Road To The Olympic Games

Fog allows Lindsey Vonn to hang onto World Cup downhill title

Lindsey Vonn won her sixth straight World Cup downhill title after thick fog forced the final race to be cancelled Wednesday in Lenzerheide, Switzerland.

Tina Maze denied chance to overtake American; Aksel Lund Svindal wins men's title

Lindsey Vonn, shown in this file photo celebrating her victory in Lake Louise, Alta. on Dec. 2, 2012, won her sixth-straight World Cup doiwnhill title on Wednesday. That's despite being sidelined the last five weeks after a horrific crash ended her season. (File/Canadian Press)

Lindsey Vonn won her sixth straight World Cup downhill title after thick fog forced the final race to be cancelled Wednesday in Lenzerheide, Switzerland.

Five weeks after her season was ended by a serious knee injury, Vonn retained her title by beating Tina Maze of Slovenia by one point.

"Omg I won the World Cup Downhill title!!!!! 6 in a row with a bum knee!" Vonn wrote on her Facebook page, recalling her huge disappointment exactly two years ago.

Fog hung on the lower slopes all day and earlier forced the men's downhill to be cancelled.

Maze has dominated the season but lost a historic chance at sweeping the World Cup titles. Maze needed only finish in the top 14 to win the title.

In a strange twist, Vonn was denied a fourth straight overall title in 2011 by the weather in Lenzerheide.

Her lone trophy from arguably her most difficult season is a World Cup record 17th crystal globe, overtaking Austrian great Annemarie Moser-Proell.

"Everything in life comes back around. (hashtag)believe (hashtag)karma (hashtag)onelegvictorydance," wrote Vonn, whose title streak is a downhill record in 47 seasons of men's and women's World Cup racing.

Maze echoed that message in a Twitter post to Vonn conceding defeat.

"I guess the DH globe belongs to someone else, Congratulation Lindsey! What goes around comes around!" wrote Maze, who already won her first overall title with a record point total.

The 28-year-old Vonn has won four overall titles and 13 in individual disciplines.

Vonn has been rehabilitating her injured right knee in the United States. She tore her anterior cruciate and medial collateral ligaments and broke a bone in her lower leg when her right ski stuck in softer snow on landing a jump.

Vonn's injury stalled the pursuit of Moser-Proell's record of 62 career World Cup race wins.

She reached 59 this season and, injury-free, could reasonably have expected to be within reach of the all-time mark this week.

Svindal takes men's title

On the men's side, Aksel Lund Svindal won his first season-long World Cup downhill title, also without racing.

Fog forced the cancellation of the final race of the season, allowing the tall Norwegian to maintain his 58-point lead over 2012 champion Klaus Kroell of Austria.

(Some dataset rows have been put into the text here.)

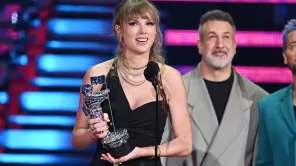 Taylor Swift lideró la velada al conseguir 9 premios, de sus 11 nominaciones.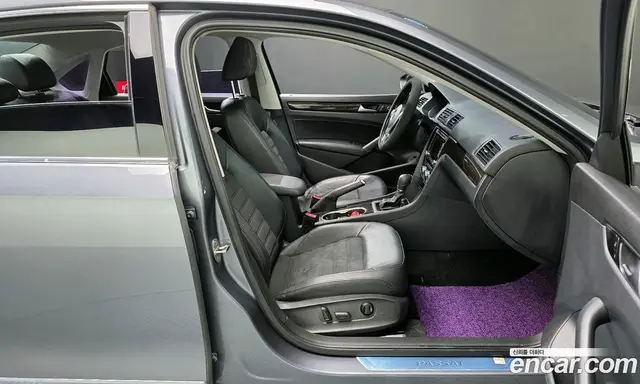 Volkswagen Passat 2015 2.0 автомат (гидро), миниатюра 10 Volkswagen Passat 2015 2.0 автомат (гидро), миниатюра 10
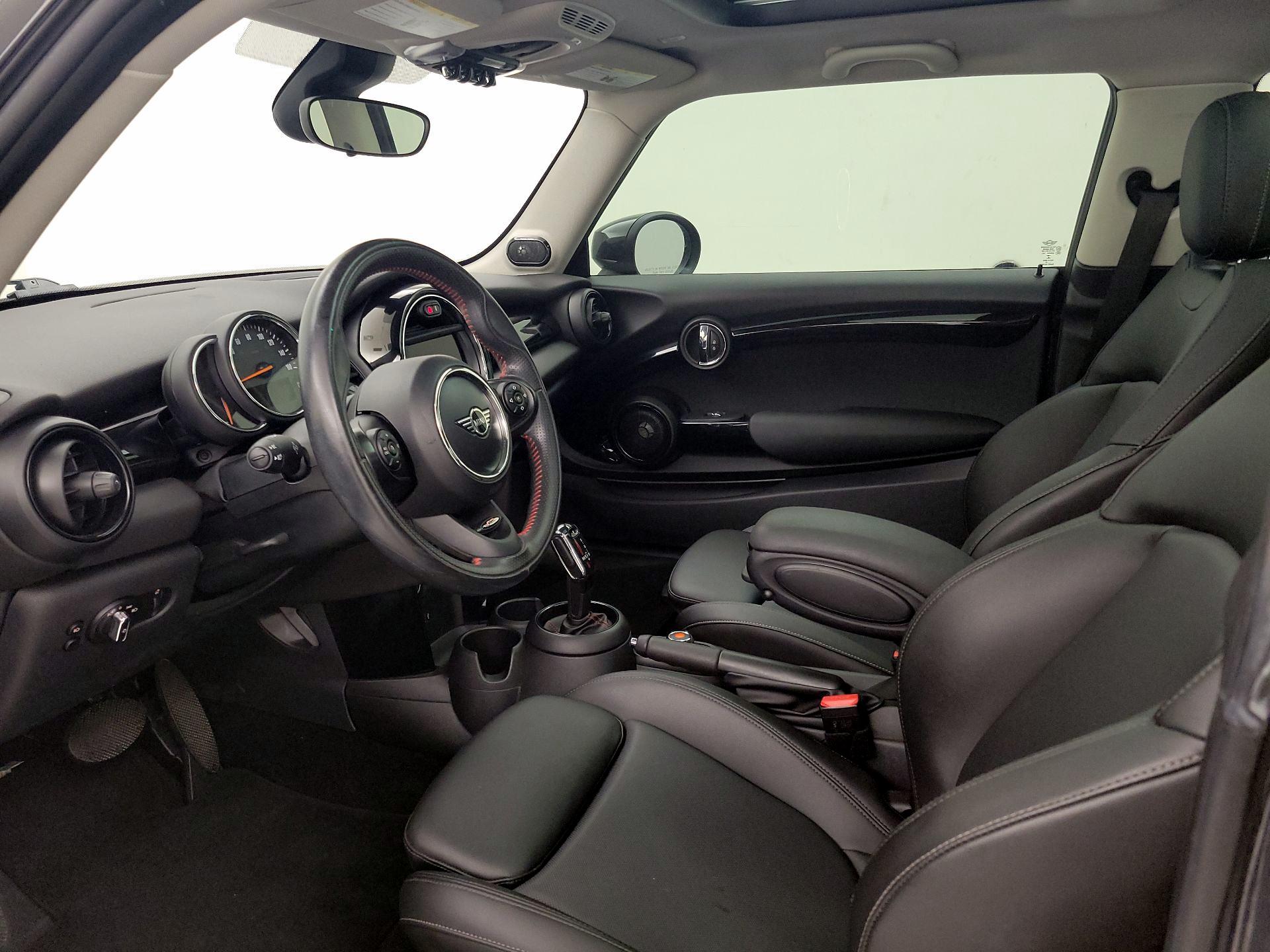 Thumbnail: 2020 MINI Cooper Hardtop - 11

However, the cancelled men's race prevented Svindal from scoring points to close the gap on overall leader Marcel Hirscher of Austria, who skips downhill races.

"There was some kind of chance but that chance has gone now," Svindal told broadcaster Eurosport. "For me, it's a good season no matter what.

"I'm of course happy to have clinched my first downhill globe but also sorry to have lost a great chance to score big points for the overall title."

Svindal, who won overall titles in 2007 and '09, trails by 149 with Hirscher's specialist technical events scheduled at the weekend with sunshine forecast.

"Marcel Hirscher fully deserves his second big cup, he has achieved an amazing season," Svindal said. "I am also very pleased with my own winter."

Hirscher is expected to make a rare super-G start on Thursday, if the weather allows. He locked up the slalom points race, which ends Sunday. Hirscher and Svindal both race giant slalom, which is scheduled for Saturday.

The 30-year-old Svindal has already won the season title in super-G.

He has emerged as a standout speed racer, adding the World Cup crystal globe to his gold medal in the Alpine glamor event at last month's world championships in Schladming, Austria.

Svindal broke a 13-year streak of downhill titles shared by the powerful Austrian team and Swiss favourite Didier Cuche.

The title last went outside the Alpine neighbours' hands in 1999 when another Norwegian, Lasse Kjus, won.